__PROBLEM TO WORK ON__: Images are to be dropped, and the rest of the data reproduced exactly.

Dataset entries
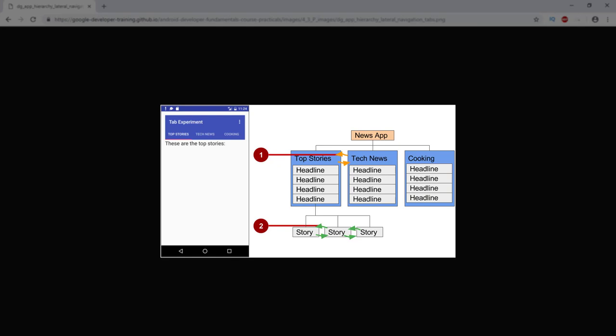Another example of lateral navigation is the ability to swipe left or right in a Gmail conversation to view a newer or older one in the same inbox.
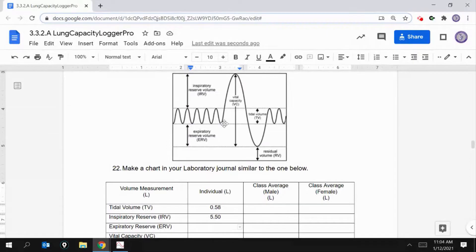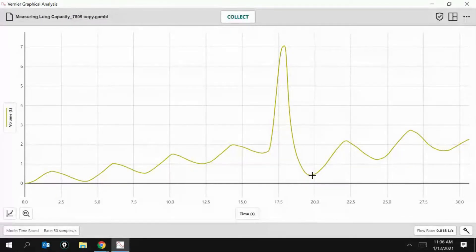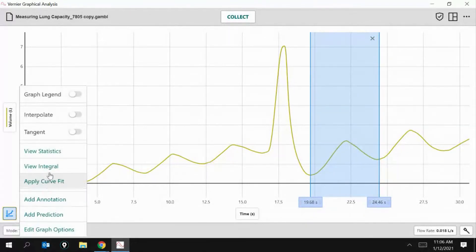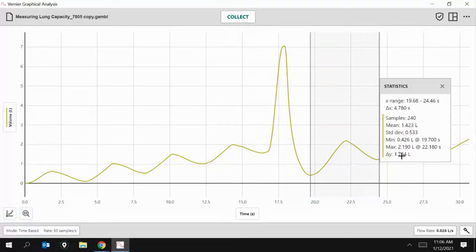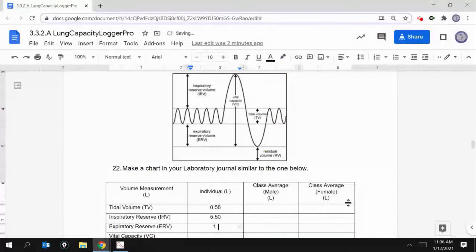Entering 5.50 liters. Now looking at expiratory reserve: it's from the bottom of one of these normal tidal volume breaths down to the bottom of the biggest breath. I'll use the lowest point here, going to the bottom of a normal breath from the two breaths taken after, then hit View Statistics. That gives 1.764 — let's round to 1.76 liters. I'll enter 1.76 in the document.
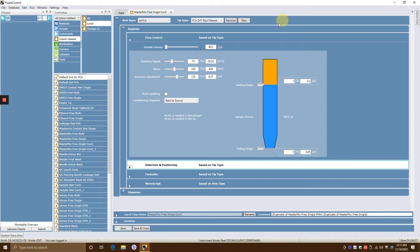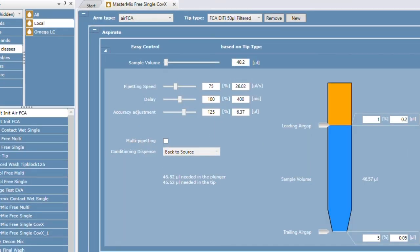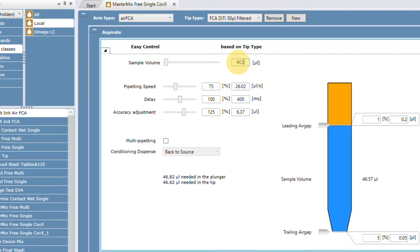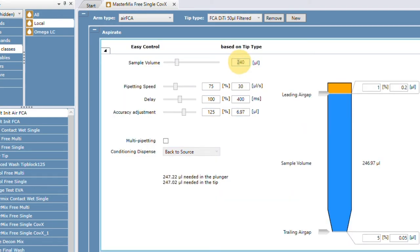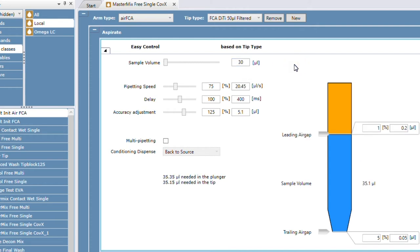Today we're just going to be working on the 50 microliter filtered tip as an example. The sample volume here is just what it would look like at this sample volume. It doesn't mean you're pipetting this volume — it just means if we were doing a pipette of, say, 20 or 30 microliters, this is kind of how everything would look.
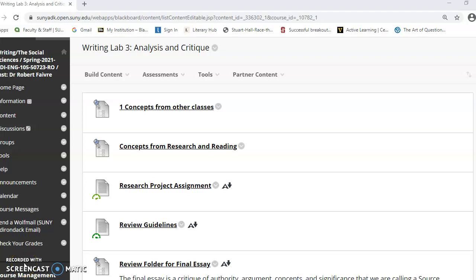This is a short video for Writing Lab 3. In Writing Lab 3 we're working toward the final portfolio. The main piece that we're working on is the second part of the research project, which is writing a source critique.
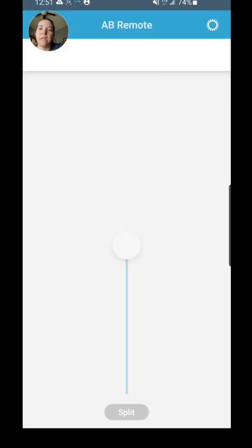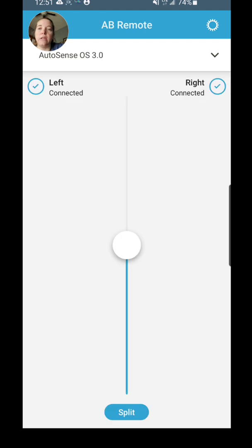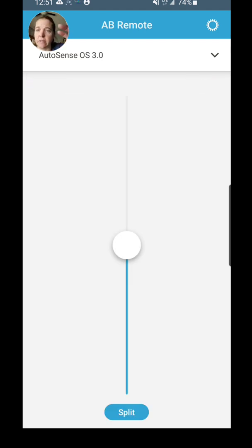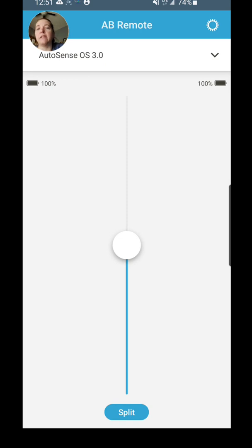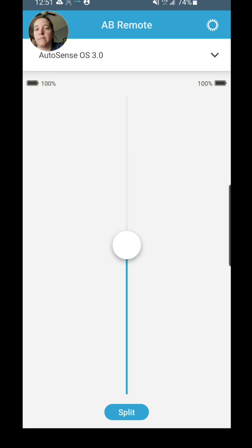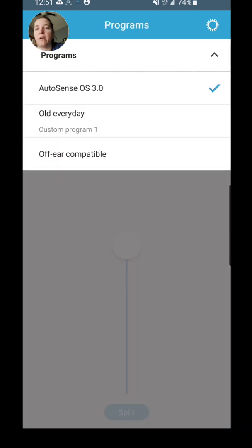So now I'm connected. I'm going to hit Continue and we'll just kind of go through some of the options that are available here. This first window that you're going to see at the top, you'll see the AB Remote, you'll see which program you're currently on with a little drop-down chevron there.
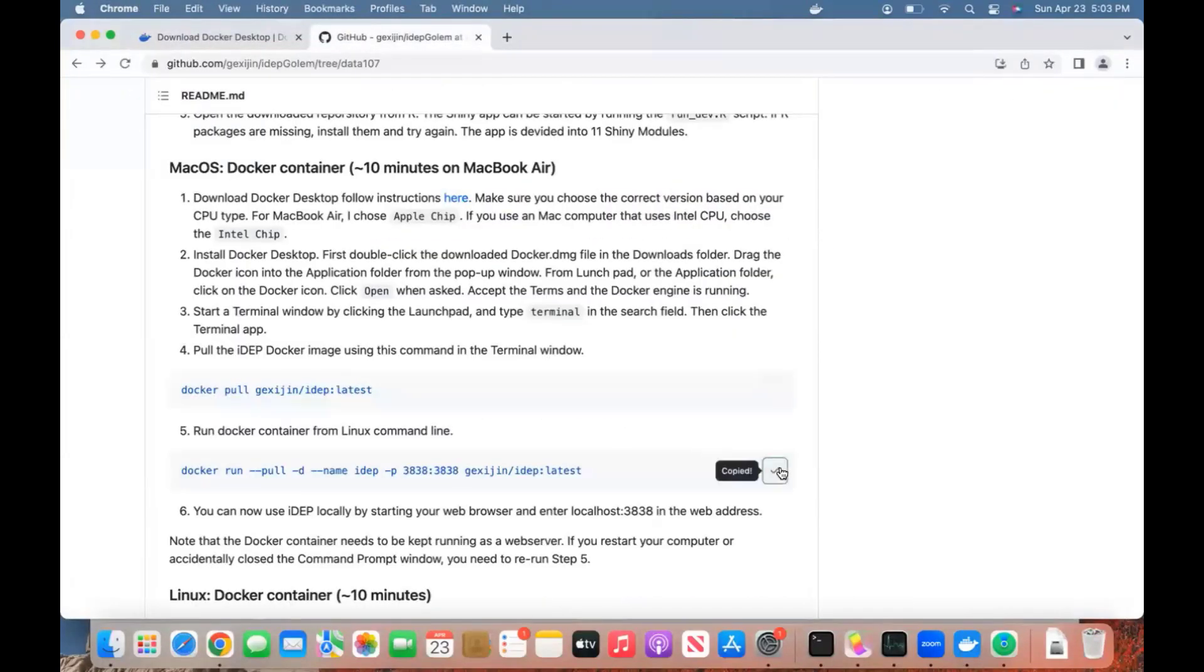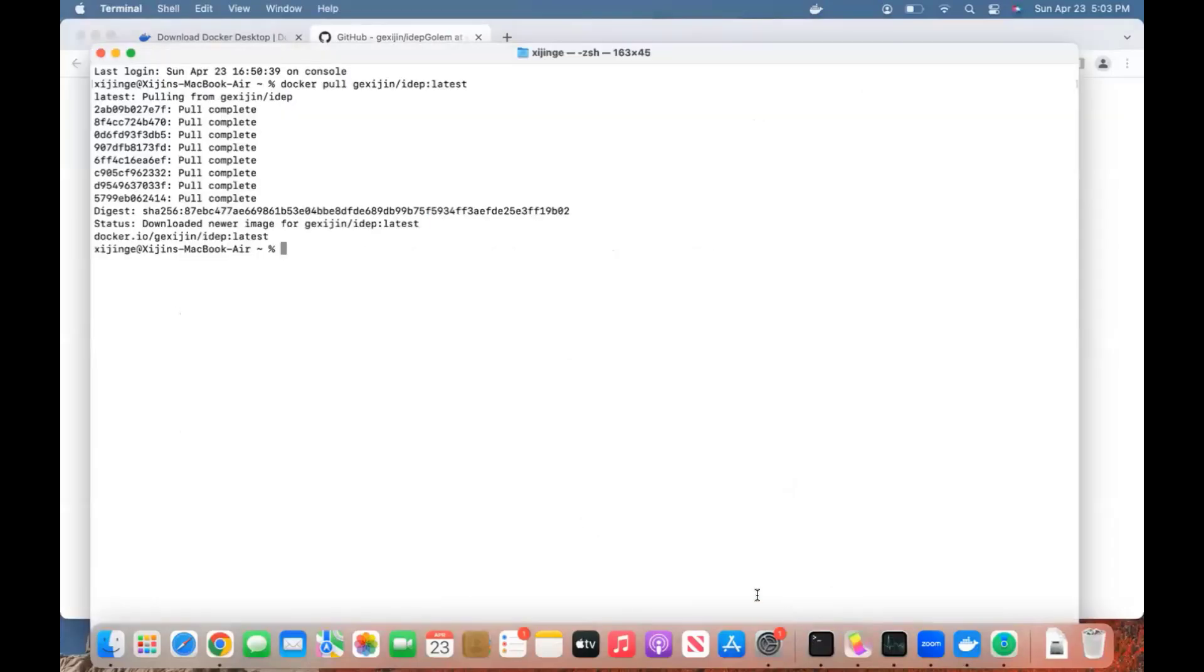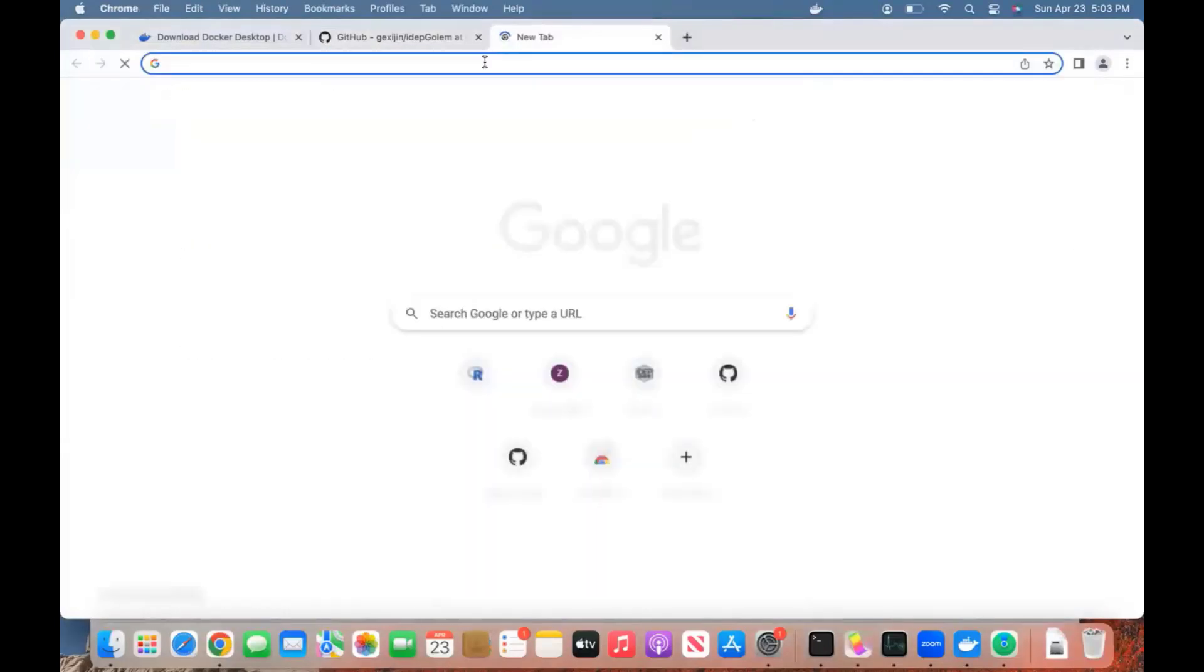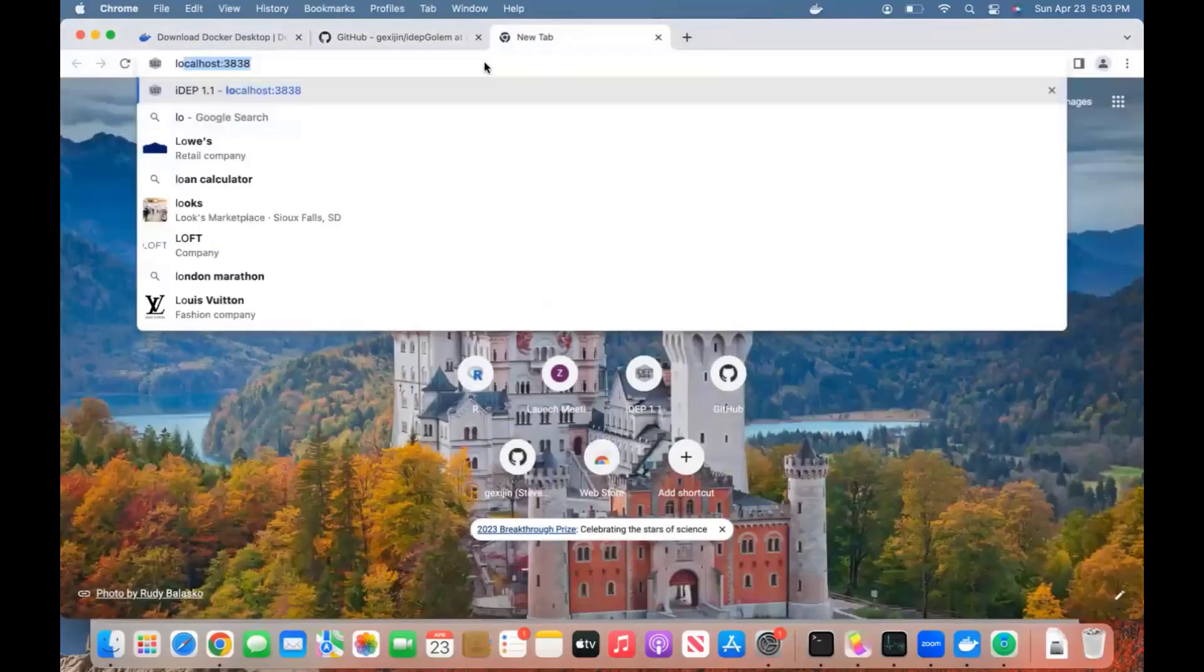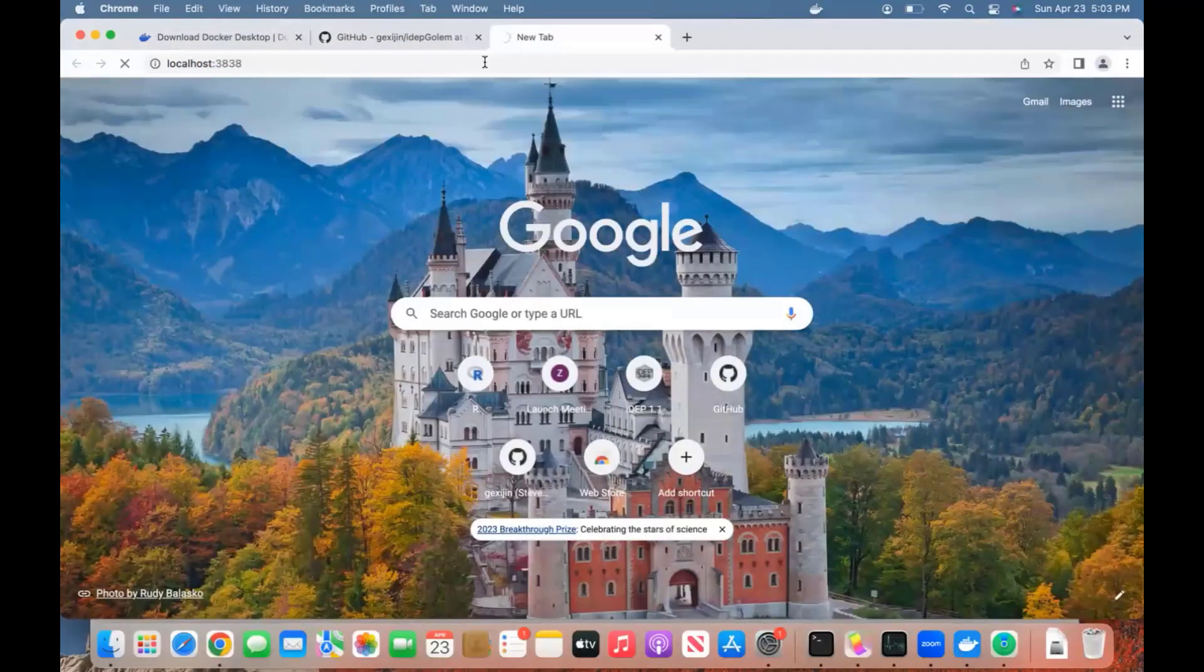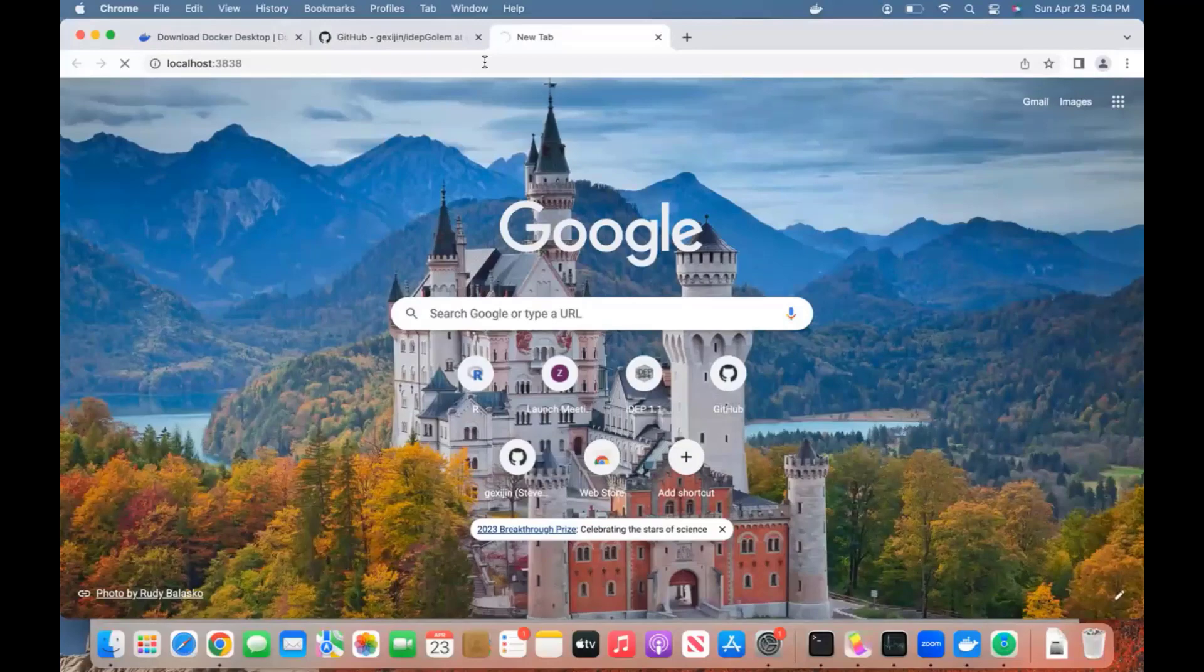Copy this line of code and come back here. It's starting to listen. Now we can come back to the browser at localhost 3838. For the first time, it takes a little bit of time, so just be a little bit patient.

__RESPONSE AREA__:
Another example of lateral navigation is the ability to swipe left or right in a Gmail conversation to view a newer or older one in the same inbox.
Entering 5.50 liters. Now looking at expiratory reserve: it's from the bottom of one of these normal tidal volume breaths down to the bottom of the biggest breath. I'll use the lowest point here, going to the bottom of a normal breath from the two breaths taken after, then hit View Statistics. That gives 1.764 — let's round to 1.76 liters. I'll enter 1.76 in the document.
Today we're just going to be working on the 50 microliter filtered tip as an example. The sample volume here is just what it would look like at this sample volume. It doesn't mean you're pipetting this volume — it just means if we were doing a pipette of, say, 20 or 30 microliters, this is kind of how everything would look.
This is a short video for Writing Lab 3. In Writing Lab 3 we're working toward the final portfolio. The main piece that we're working on is the second part of the research project, which is writing a source critique.
So now I'm connected. I'm going to hit Continue and we'll just kind of go through some of the options that are available here. This first window that you're going to see at the top, you'll see the AB Remote, you'll see which program you're currently on with a little drop-down chevron there.
Copy this line of code and come back here. It's starting to listen. Now we can come back to the browser at localhost 3838. For the first time, it takes a little bit of time, so just be a little bit patient.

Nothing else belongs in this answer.